Assignment: Print only the lines from the one with "Adventure Groms: Bold, Easy-to-Color" through the end of the data, exactly, and please omit pictures.
*** Opening of Dataset content ***
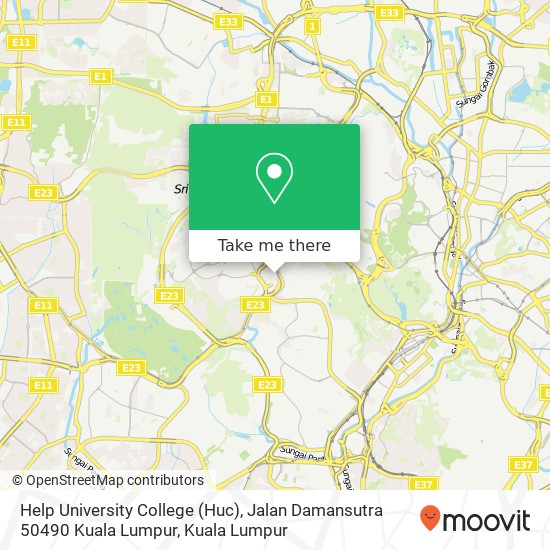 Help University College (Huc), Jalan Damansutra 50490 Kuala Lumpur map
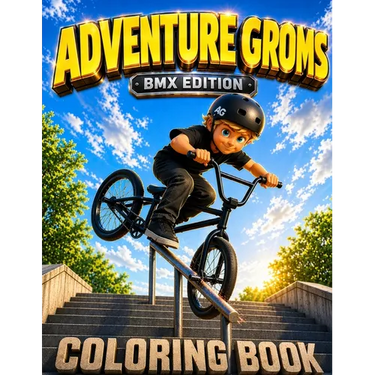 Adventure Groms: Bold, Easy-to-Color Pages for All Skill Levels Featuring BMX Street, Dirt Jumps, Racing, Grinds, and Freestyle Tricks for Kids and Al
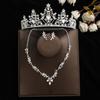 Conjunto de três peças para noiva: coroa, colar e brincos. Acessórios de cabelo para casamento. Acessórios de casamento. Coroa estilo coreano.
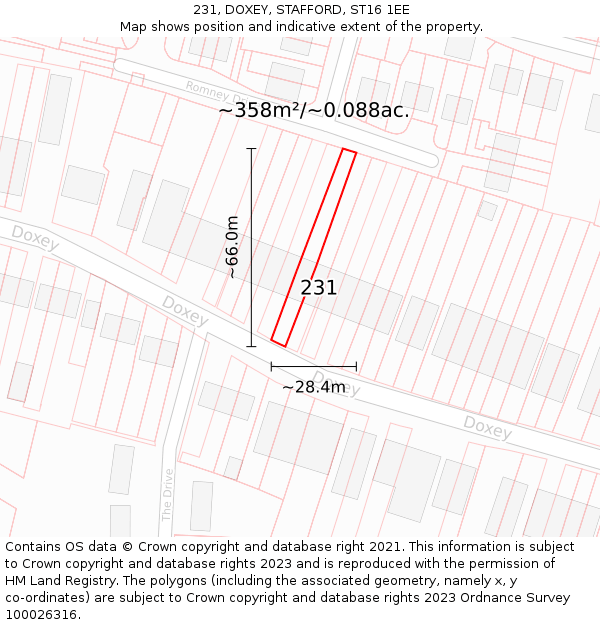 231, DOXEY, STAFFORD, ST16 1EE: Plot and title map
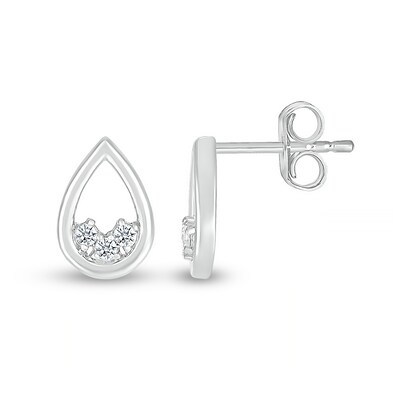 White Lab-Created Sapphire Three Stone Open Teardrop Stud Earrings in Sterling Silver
*** Close of Dataset content ***
Written solution:
 Adventure Groms: Bold, Easy-to-Color Pages for All Skill Levels Featuring BMX Street, Dirt Jumps, Racing, Grinds, and Freestyle Tricks for Kids and Al
 Conjunto de três peças para noiva: coroa, colar e brincos. Acessórios de cabelo para casamento. Acessórios de casamento. Coroa estilo coreano.
 231, DOXEY, STAFFORD, ST16 1EE: Plot and title map
 White Lab-Created Sapphire Three Stone Open Teardrop Stud Earrings in Sterling Silver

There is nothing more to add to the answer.